Edith Noyes Porter
Quick Facts
Biography
Edith Noyes Porter (March 26, 1875 – died after 1945) was an American composer, music educator, clubwoman, and pianist, based in Boston, Massachusetts.
Early life
Edith Rowena Noyes was born in Cambridge, Massachusetts, the daughter of Charles Claudius Noyes and Jeanette Mabel Pease Noyes. Her mother was better known as Boston contralto singer Jeanette Noyes Rice. Edith Noyes studied piano with Edward MacDowell and composition with George Whitefield Chadwick.
Career
Edith Noyes began publishing her works while she was a teenager.She composed songs, hymns, instrumental works for piano and violin, an operetta, Last Summer, and an opera, Osseo. Last Summer was produced in 1900 as a benefit for the Quincy Hospital. She also taught piano in Boston.
In 1895, Noyes started the first MacDowell Club, a music performance and appreciation club in Boston, named as a tribute to her piano teacher. She was founder (in 1911) and president of the city's Music Lovers' Club, and was a member of the Chromatic Musical Club.

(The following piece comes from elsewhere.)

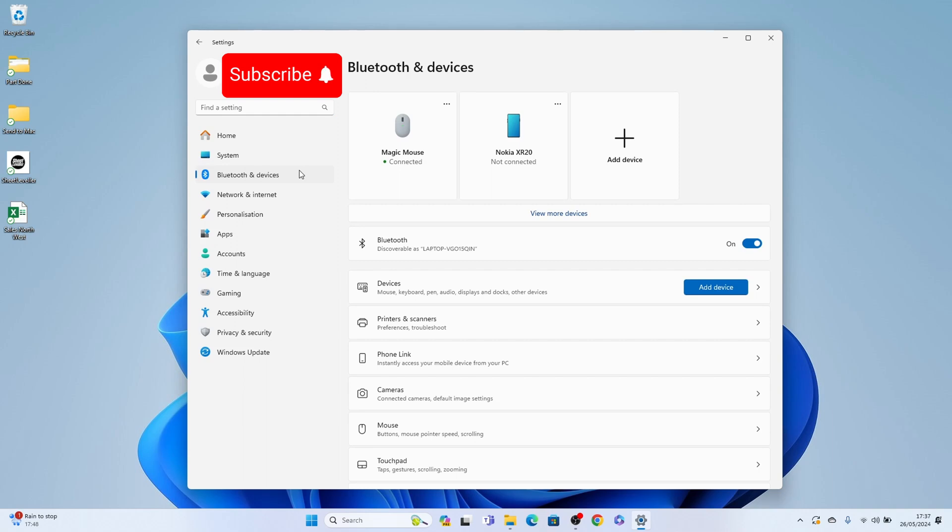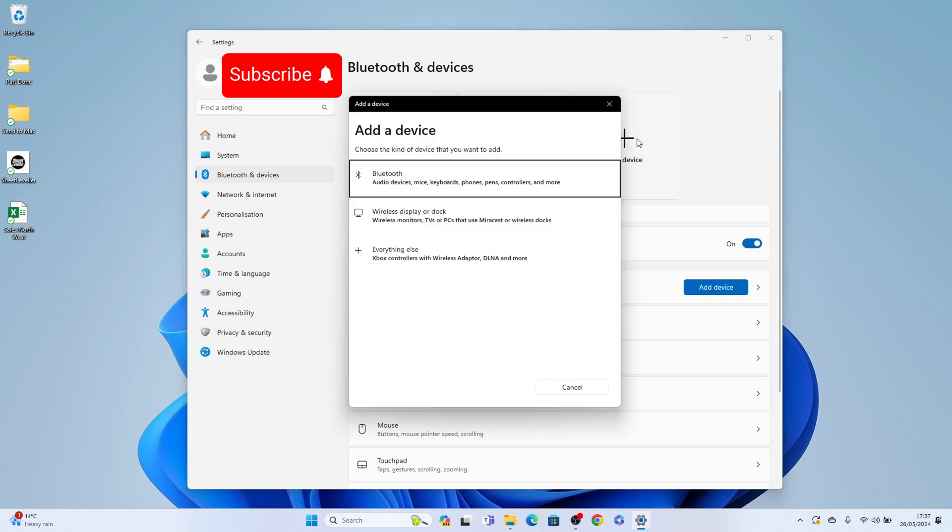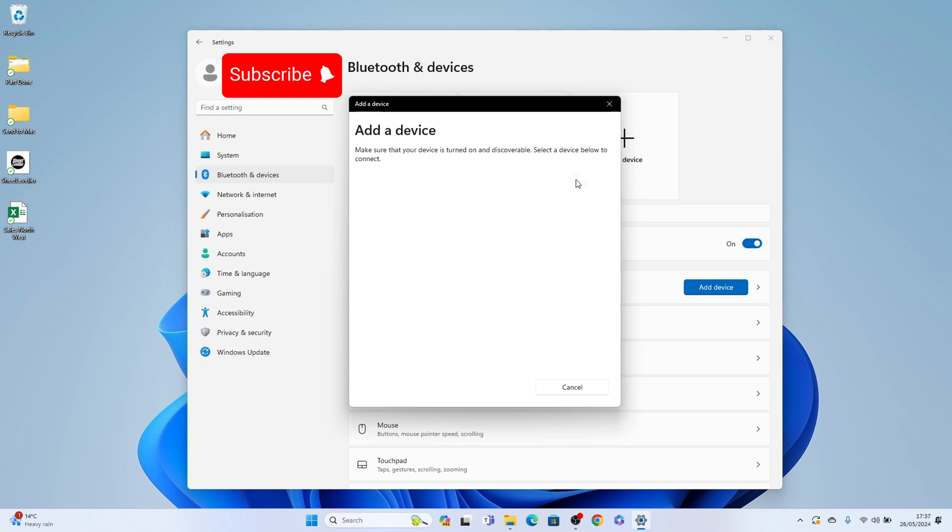Now the easiest way to connect a Bluetooth keyboard to Windows 11 is to select add device here at the very top. This big plus button. Then from the add device pop-up you want to select Bluetooth here at the very top. It will then start searching for the Bluetooth device and if your keyboard is recognized it'll pop up in the window here and you'll be able to connect it by selecting it.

Edith Noyes Greene promoted the work of disabled "cowboy" painter Floyd Niles Walser. In 1929, she hosted a weekly radio show highlighting Boston musicians and events. In 1933, she directed a concert benefiting the Peabody Home for Crippled Children.
Personal life
Edith Noyes married educator Henry Whitcomb Porter in 1898. They had a son, John Whitcomb Porter, and divorced in 1908. She married again, to fellow pianist Roy Goddard Greene, in 1909. On the Greenes' wedding trip to Europe in 1909, they stayed with Ignacy Jan Paderewski in Switzerland and she studied with conductor Emil Paur. Roy Greene died in 1946, and Edith Noyes Greene was listed in his death notice as his survivor.
Her house is included in historical tours of Framingham.